- Directed by: Manoj Kumar
- Written by: Manoj Kumar
- Produced by: Harkishen R. Mirchandani R. N. Goswami
- Starring: Manoj Kumar Asha Parekh Prem Chopra Pran
- Cinematography: V. N. Reddy
- Edited by: B. S. Glaad
- Music by: Kalyanji Anandji
- Production company: Vishal Pictures
- Distributed by: Vishal Pictures
- Release date: 11 August 1967;
- Running time: 175 minutes
- Country: India
- Language: Hindi
- Box office: 7 Crore

= Upkar =

Upkar is a 1967 Indian Hindi film directed by Manoj Kumar. Set in the backdrop of the Indo-Pakistani War of 1965, Upkar celebrates village life and the contributions of farmers and soldiers to India. The film was inspired by Indian prime minister, Lal Bahadur Shastri, who suggested that Kumar make a film based on his motto for India, "Jai Jawan Jai Kisan". It stars Kumar, Prem Chopra, Asha Parekh, Kamini Kaushal, Pran, and Madan Puri.

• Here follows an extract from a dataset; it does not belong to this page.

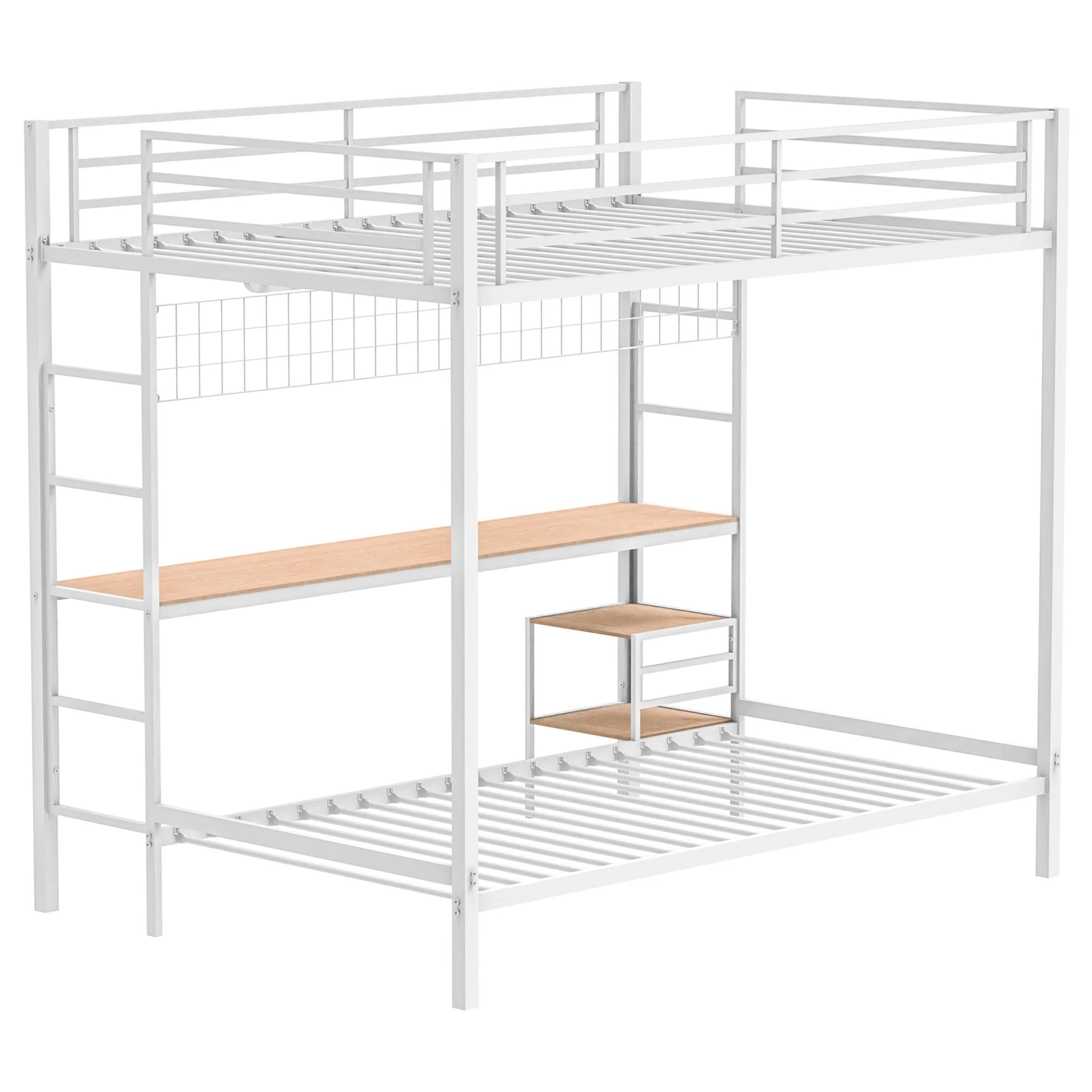 Campus Matte White Metal Full Over Twin Workstation Bunk Bed - Image 6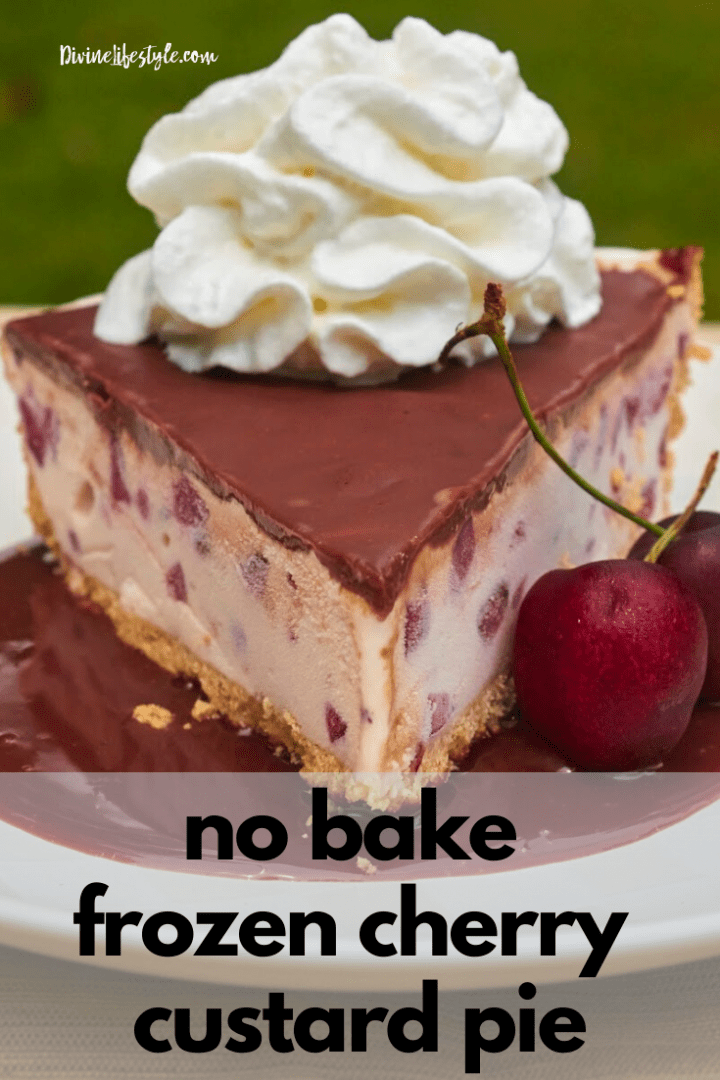 No Bake Frozen Cherry Custard Pie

It was Kumar's directorial debut film. The film held the top spot at the box office in 1967 and was the highest-grossing Indian film of the year. Upkar won seven Filmfare Awards including Best Film. It also won the National Film Award for Second Best Feature Film.

The film was remade in Telugu as Padipantalu in 1976.

==Plot ==
A village man from Atali village (Ballabgarh, Haryana), Bharat, sacrifices everything for his brother's education. The brother, Puran, goes to study in the city and becomes attracted to the high-society lifestyle. When Puran returns to the village, he is a selfish man and wants to sell his share of the family's property. Bharat is unwilling to divide the property and transfers the disputed land to Puran's son.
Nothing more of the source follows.